The layering structure analysis has the potential to be useful because it analyses an aspect of the data that is indicative of the history of turbulent mixing, not just the mixing that is occurring at the time of the profiling. Ways in which it might be useful are (1) to provide measures of longer term averages of KZ than current methods of analysing microstructure profilers provide; or (2) to provide alternative estimates of the efficiency of turbulent mixing (i.e., the value of Rf, and thus of Γ) that can be used to triangulate values provided by other methods.
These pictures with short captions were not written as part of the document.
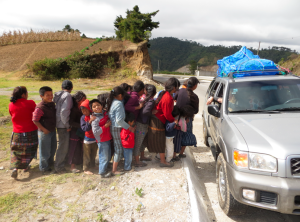 The children who wave along the CA-1 highway in Guatemala are lined up to receive a gift.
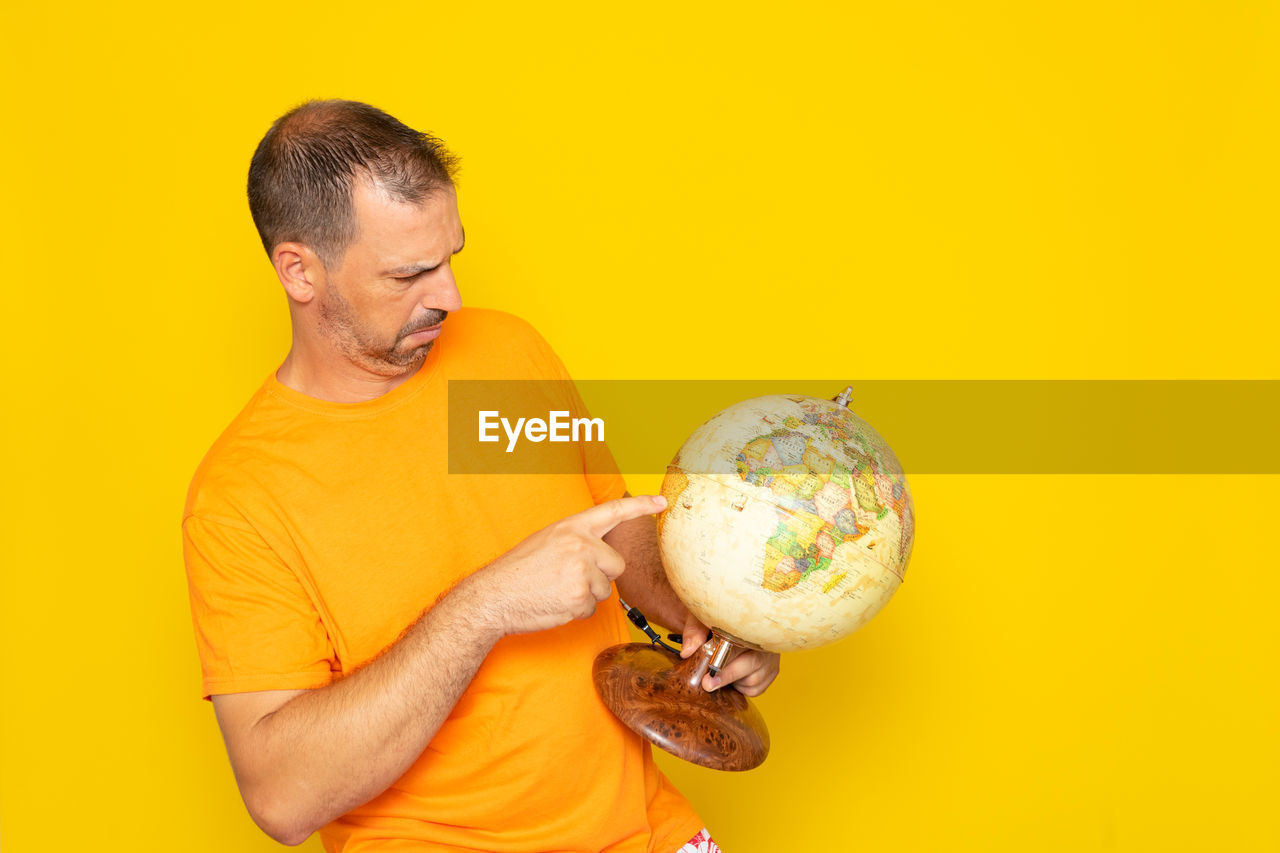 colored background, yellow, adult, studio shot, one person, yellow background, men, holding, indoors, person, waist up, copy space, ball, emotion, mature adult, portrait, smiling, casual clothing, orange color, clothing, food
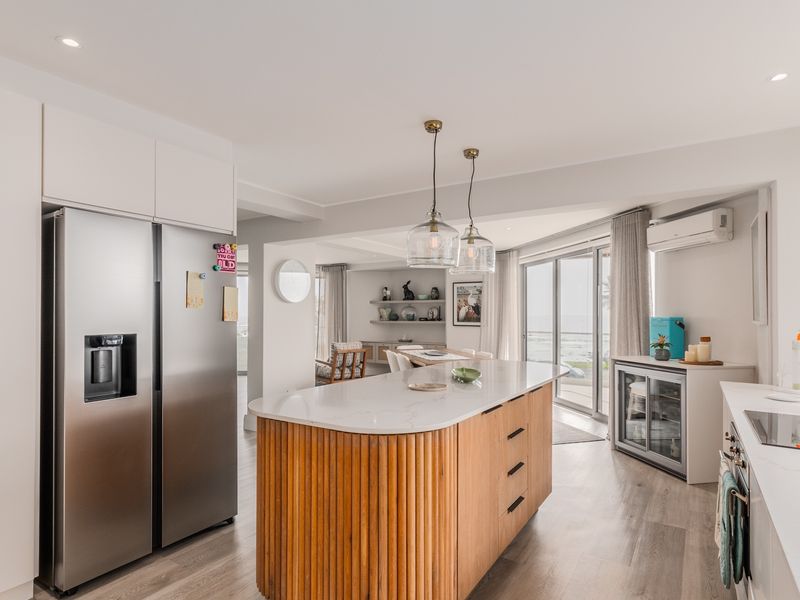 Modern open-plan kitchen featuring a central island with timber detailing, stone countertops, integrated cabinetry, and seamless flow to the living area and balcony.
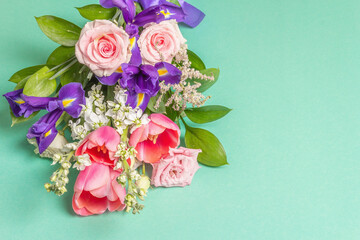 A beautiful bouquet of fresh flowers on a turquoise pastel background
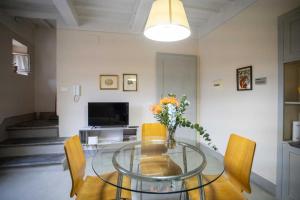 a dining room with a glass table and chairs at Dietro le campane in Arezzo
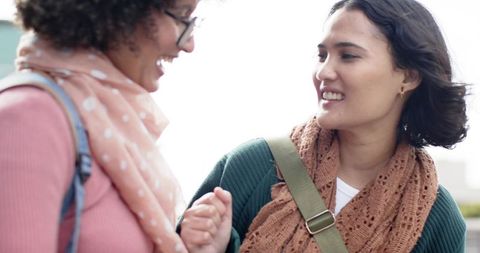 Two women smiling and chatting on urban street wearing knit scarves and casual bags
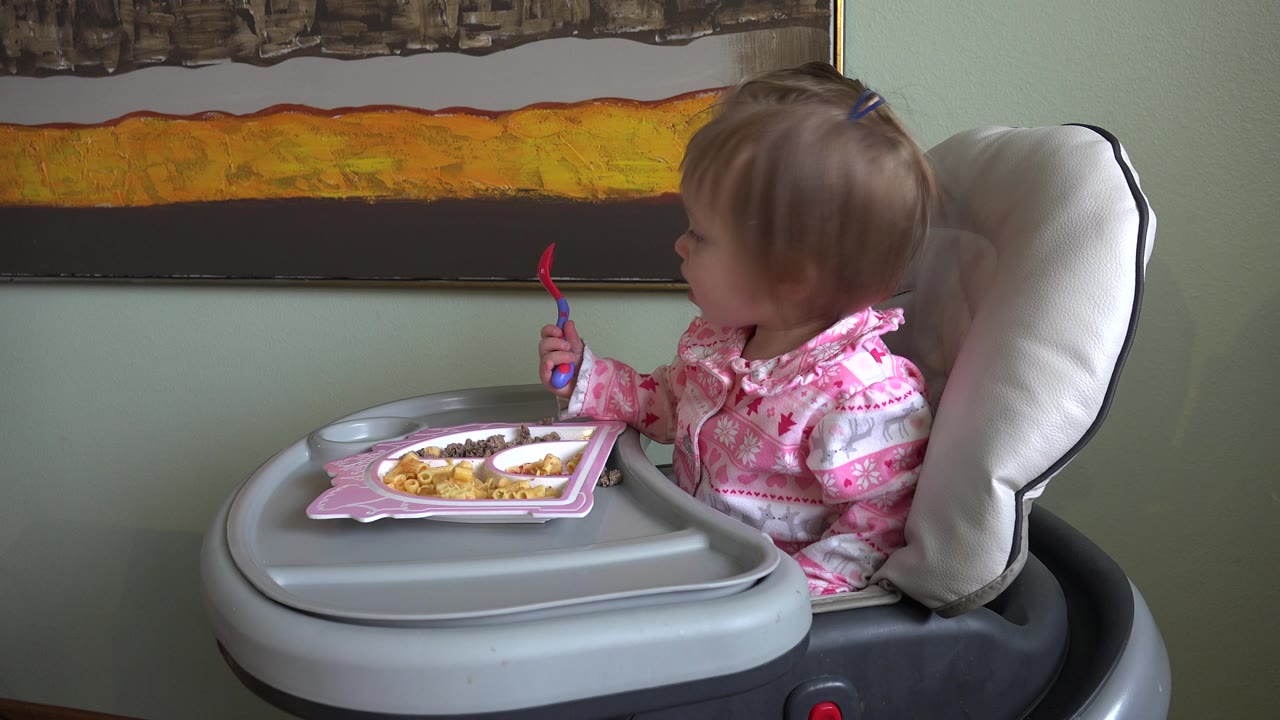 At 0:02 in Westminster, Colorado, the child looks farther to the right from the high chair, with the fork still raised and the plate of food on the tray below.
To test the first of these, an additional method of measuring the long-term average KZ is required—for example the temperature diffusion method of [21] or the very similar dye diffusion method used by, for example [38], against which values of D and its scale-specific versions can be assessed. Neither of these were available in this study, so this suggestion remains as a proposal for further study. However, for the sake of providing an indication of what KZ values this method might provide, the relationships between D and KZ in Figure 12 are noted. To test (2), and further investigate the extent to which the fractal dimension parameters introduced here can be used to indicate mixing efficiency, requires comparison with results from numerical modelling [13,23].

5. Conclusions

The thermal microstructure profiles analysed in this study show the behaviour expected in terms of stratification structure, turbulent mixing activity and vertical variation in the thermal diffusivity coefficient, KZ. While the values of KZ calculated using two different methods—Batchelor curve fitting to the temperature gradient spectrum; and calculation directly from measurements of N and LT using the equation of [19] based on the parameterization of KZ of [20]—show good agreement in many cases, they also differ strongly in other cases. Given that the Batchelor curve fitting method is very well established and its accuracy has been demonstrated in many previous studies of small lakes, it is recommended that the Thorpe-scale method, whilst attractive for its simplicity and directness, is only used to calculate KZ values above the thermocline and during the strongly stratified period in mid to late summer in lakes such as those studied here.
The novel analysis of the layering structure and its pseudo-spectra presented here shows that they have some properties that are consistent across the datasets used here, and other properties that vary consistently with other parameters. Values of the parameter D—the slope of the pseudo-spectrum—vary most consistently with the buoyancy frequency, especially DF, the fine-scale specific version of D.
The main limitation of the findings presented here is that, at present, the novel parameter derived, D, has no clear practical use. To address this, it is suggested that D, and its scale-specific variants DF, DI and DC, as defined here, may be useful in two ways: firstly, to provide measures of longer term averages of KZ than current methods of analysing microstructure profilers provide; and secondly, to provide alternative estimates of the efficiency of turbulent mixing that can be used to triangulate values provided by other methods. Testing of the ability of these parameters to be of use in these ways requires further work involving field measurements of time-integrated values of KZ (using, for example dye or thermal diffusion methods) and numerical modelling of turbulent mixing using, for example, DNS methods [13,23].

Funding

This research was funded by the UK Natural Environment Research Council, grant numbers NE/F00995X/1 and NE/G010498/1.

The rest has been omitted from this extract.